__What you need to do__:
Copying nothing before it, reproduce the line that holds "Quels tuyaux choisir" and every line after it in the data, exactly.

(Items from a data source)
□ □ □ □ □ □ □
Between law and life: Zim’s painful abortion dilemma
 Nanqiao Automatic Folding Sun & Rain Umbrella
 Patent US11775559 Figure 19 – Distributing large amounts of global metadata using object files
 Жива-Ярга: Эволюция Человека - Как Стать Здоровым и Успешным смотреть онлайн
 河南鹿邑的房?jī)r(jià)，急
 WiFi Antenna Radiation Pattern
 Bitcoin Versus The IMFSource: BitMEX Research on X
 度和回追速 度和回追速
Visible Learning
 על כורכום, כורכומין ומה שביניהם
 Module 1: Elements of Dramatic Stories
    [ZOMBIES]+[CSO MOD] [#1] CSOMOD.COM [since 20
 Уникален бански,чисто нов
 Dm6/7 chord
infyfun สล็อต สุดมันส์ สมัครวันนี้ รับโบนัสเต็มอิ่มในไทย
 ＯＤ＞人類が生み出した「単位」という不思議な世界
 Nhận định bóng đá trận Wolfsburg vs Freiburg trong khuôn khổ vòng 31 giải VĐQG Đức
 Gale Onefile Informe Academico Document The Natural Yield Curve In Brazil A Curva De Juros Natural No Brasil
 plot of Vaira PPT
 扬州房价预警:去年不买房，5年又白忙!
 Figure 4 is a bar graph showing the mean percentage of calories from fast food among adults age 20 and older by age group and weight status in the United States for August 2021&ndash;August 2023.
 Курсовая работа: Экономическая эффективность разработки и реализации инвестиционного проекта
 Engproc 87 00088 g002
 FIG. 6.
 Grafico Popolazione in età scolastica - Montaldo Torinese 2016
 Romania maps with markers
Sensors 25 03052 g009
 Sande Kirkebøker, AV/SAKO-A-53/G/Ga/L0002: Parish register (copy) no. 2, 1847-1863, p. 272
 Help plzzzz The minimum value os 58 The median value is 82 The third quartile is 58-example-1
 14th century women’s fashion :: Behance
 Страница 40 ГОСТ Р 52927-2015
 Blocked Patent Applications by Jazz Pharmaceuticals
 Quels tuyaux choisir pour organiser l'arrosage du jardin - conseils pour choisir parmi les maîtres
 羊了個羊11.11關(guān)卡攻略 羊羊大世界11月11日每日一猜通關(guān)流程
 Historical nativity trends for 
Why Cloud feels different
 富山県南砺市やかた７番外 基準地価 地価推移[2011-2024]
□ □ □ □ □ □ □
__Exercise answer__:
 Quels tuyaux choisir pour organiser l'arrosage du jardin - conseils pour choisir parmi les maîtres
 羊了個羊11.11關(guān)卡攻略 羊羊大世界11月11日每日一猜通關(guān)流程
 Historical nativity trends for 
Why Cloud feels different
 富山県南砺市やかた７番外 基準地価 地価推移[2011-2024]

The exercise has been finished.